Extending the answer of bjcolby15:
It is assumed that all of the weights are only allowed on one side of the scale and the object to be weighed is on the other side of the scale.
Any positive integer can be expressed in base $2$ format. In such a format, each digit in the expression will be either $1$ or $0$. This bijects to determining which weights to use to weigh the object.
For example, $7$ equals $111$, written in base $2$. This corresponds to using the three weights of $4$, $2$, and $1$ to equal a weight of $7$. Note, that under the assumption that each weight is either used on a specific scale or not, there are only $2$ choices for each weight. Either use it or not.
This is why base $2$ is so relevant. Because for each digit in a base $2$ representation, either the digit is $0$ (which corresponds to not using the weight) or $1$ which corresponds to using the weight.
See also, the Addendum below, which discusses an alternative assumption re the use of the weights.
Addendum
Changing the assumption of how the weights are to be used:
Suppose instead, that you place an object on the left scale, and that the weights may be placed on either the left scale or the right scale. This means that instead of having only $2$ choices for how to use each weight, you have $3$ choices:
Use the weight on the left scale, along with the object to be weighed. Imagine assigning the number $-1$ to the weight here.
Use the weight on the right scale, opposite the object to be weighed. Imagine assigning the number $+1$ to the weight here.

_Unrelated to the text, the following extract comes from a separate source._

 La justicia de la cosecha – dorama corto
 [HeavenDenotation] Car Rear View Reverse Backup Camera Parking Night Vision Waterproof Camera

Don't use the weight at all. Imagine assigning the number $0$ to the weight here.
So, you have $3$ choices. This roughly corresponds to expressing numbers in a variant of the normal base $3$ format: instead of using the digits $0,1,2$, you use the digits $0,+1,-1$.
This is why (for example) $4$ weights are sufficient to weigh any object up to $40$. Because the weights of $1,3,9,27$ are used. Note that $\displaystyle 40 = \frac{3^4 - 1}{2}.$